[Opening Information supplied section]

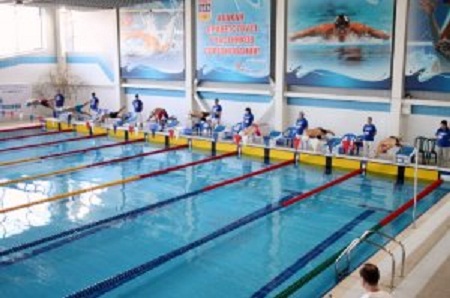 Всероссийские соревнования по плаванию во второй раз пройдут в Абакане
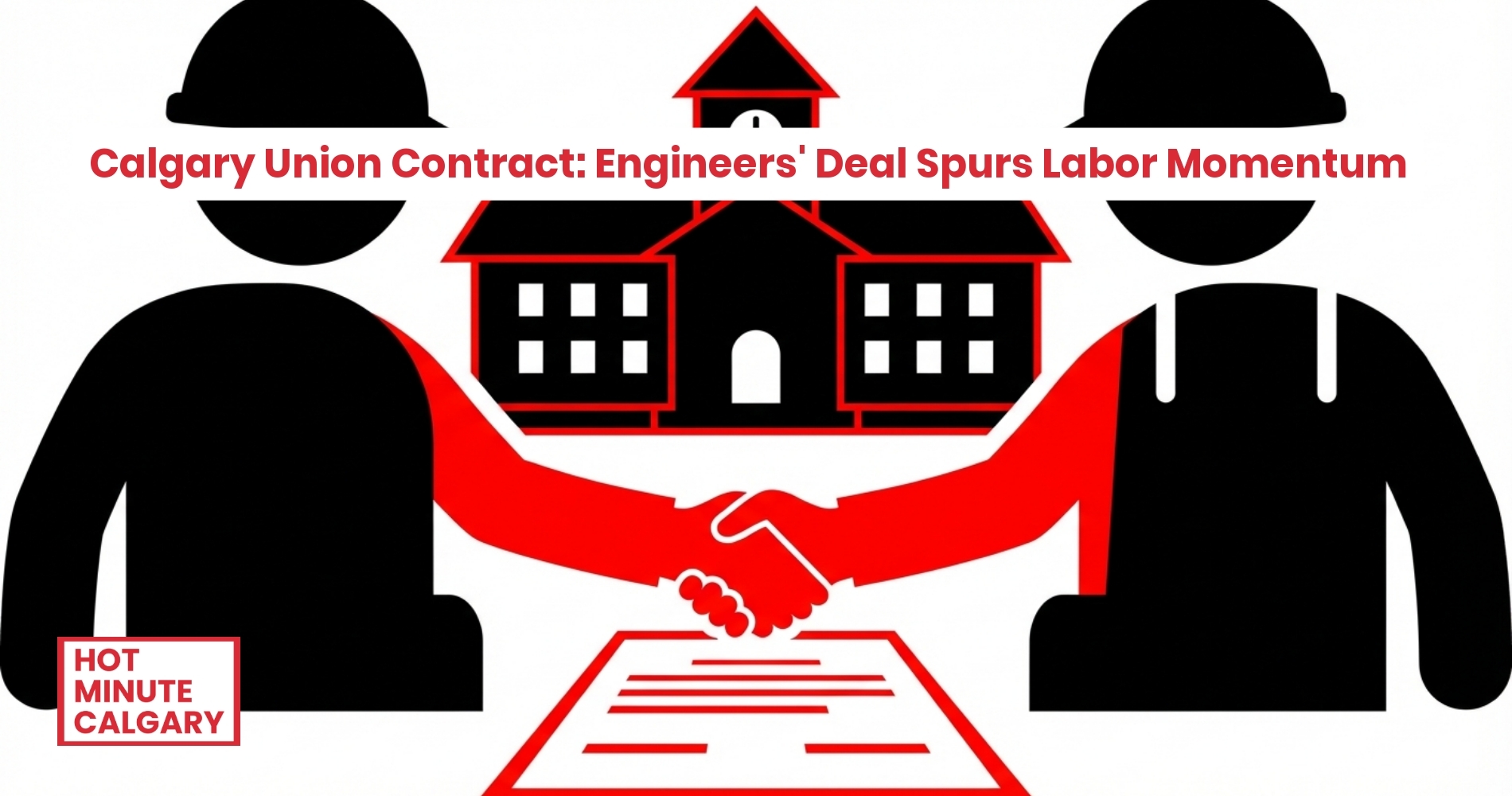 Calgary Union Contract: Engineers' Deal Spurs Labor Momentum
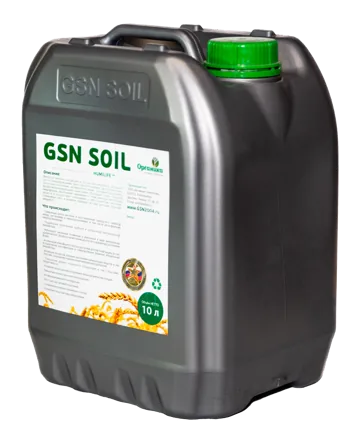 Канистра GSN-SOIL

[Closing Information supplied section]

> What to work on
Reproduce the material above exactly, but only from the line with "Calgary Union Contract: Engineers'" through its last line, leaving pictures out.

> Reply
 Calgary Union Contract: Engineers' Deal Spurs Labor Momentum
 Канистра GSN-SOIL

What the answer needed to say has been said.